Sul ritrovamento è intervenuto pure Federico Sardelli, uno dei massimi esperti mondiali della materia. Ebbene, il musicologo, che ha parlato dello spartito anche in un recente articolo su Robinson, dopo aver fatto diverse analisi e discussioni con il collega americano Michael Talbot, alla fine ha deciso di assegnare alla sonata il numero di catalogo «Rv Anh. 158». Che nel linguaggio degli addetti ai lavori significa: un'opera attribuita a Vivaldi dalle fonti ma che presenta elementi stilistici dubbi. Un lavoro da certosini. Del resto la filologia ha dato agli studiosi un bel po' di strumenti per procedere verso l'attribuzione di un'opera, afferma nel suo intervento il ricercatore di chiara fama, «ma anche questo cammino è irto di trappole». Insomma chi vivrà vedrà (o meglio sentirà). E l'esecuzione in anteprima potrà dare altri elementi. Come a dire che di scavare non si finisce mai.
Il lavoro degli studiosi, alle prese con il mare magnum della produzione dei secoli scorsi, in parte ancora inesplorata, è tutt'altro che facile. Loro, gli speleologi del pentagramma, possono somigliare all'immagine dell'eremita che sui sentieri della conoscenza avanza a piccoli passi, aiutandosi con un lanternino. E, difficoltà a parte, succede meno raramente di veder «spuntare» inediti, pagine mai suonate, note di cui non si avevano notizie. Un ritorno massiccio al passato, alla voglia di portalo alla luce.
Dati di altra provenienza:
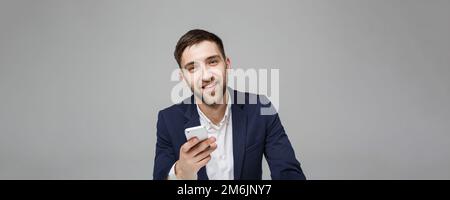 Concept d'affaires - Portrait beau heureux beau homme d'affaires en costume jouer à la moblie téléphone et sourire avec ordinateur portable au travail de Banque D'Images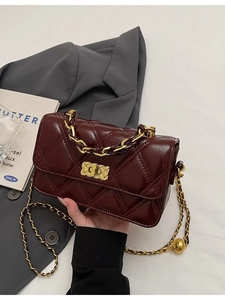 Burgundy quilted chain flap bag in glossy leather with gold lock and metal strap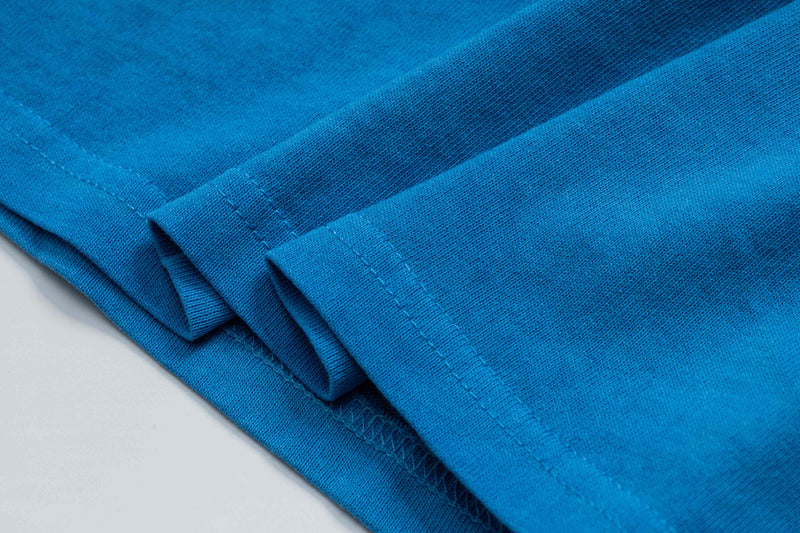 Close-up of folded blue cotton T-shirt fabric with visible stitching and vintage wash texture
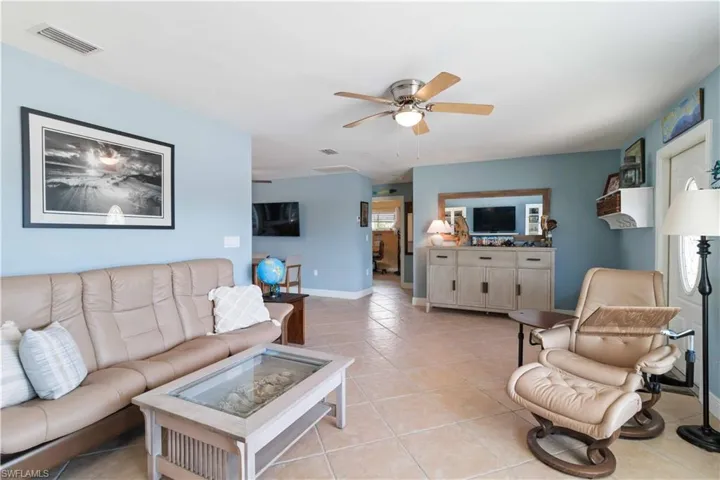 Living room with visible vents, ceiling fan, baseboards, and light tile patterned flooring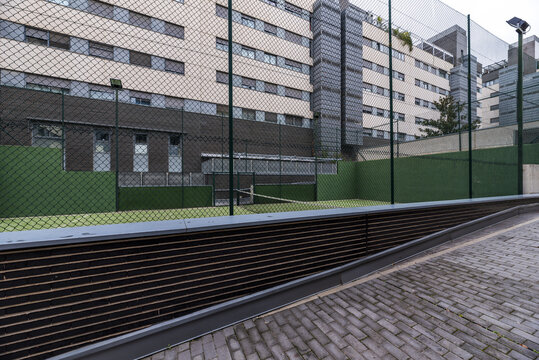 Paddle tennis court closed with metal fences and painted completely green in the common areas of a residential housing complex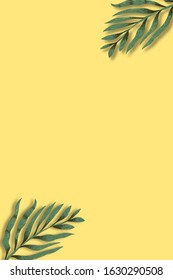 Green leaves on yellow background. Design space and copy space. Fantasy floral leaf art illustration. Decoration elements vector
«Ci sono - spiega Ipata - vari fattori da considerare. Gli esperti che si occupano di queste tematiche numericamente sono aumentati e sono più agguerriti di prima». Per dirne un'altra, c'è la questione delle biblioteche dell'allora Germania dell'Est, del blocco sovietico che fino agli anni Ottanta erano al di là della Cortina di ferro, irraggiungibili. Anche da quei luoghi sono giunte belle sorprese. «Adesso l'opera della musicologia - aggiunge Ipata - è cercare i tasselli che mancano nella ricostruzione del panorama storico dal quale sono emersi i giganti della musica». C'è pure uno sguardo più approfondito sui compositori cosiddetti «minori». Tra i quali - prendendone uno tra quelli di cui si è occupato l'Auser Musici, specializzato nel repertorio toscano - Francesco Gasparini da Camaiore, a cavallo tra Sei e Settecento («grandi relazioni con Händel - vien ricordato - con una produzione in vita spaventosa, 60 opere»). Non solo lavoro di scavo, però; un impegno anche per cercare ispirazione e spunti utili alla produzione di nuova musica. Su questo sentiero in prima fila sono i compositori cosiddetti «neo-melodici» con il ritorno all'uso massiccio della tonalità, che le avanguardie degli anni Settanta avevano bandito. O quasi.
«In generale - conclude Ipata - l'impegno attuale è riconducibile a quello che storicamente molti musicisti hanno sempre fatto. Cioè la contaminazione».
Un discorso però che probabilmente non vale nel caso di Vivaldi e di altre figure del suo calibro. Già, il «Prete rosso»: aveva una personalità forte, fortissima e ha lasciato un catalogo mastodontico, lui è forse l'autore più copiato in assoluto. «Nel suo tempo da Venezia dettava la linea».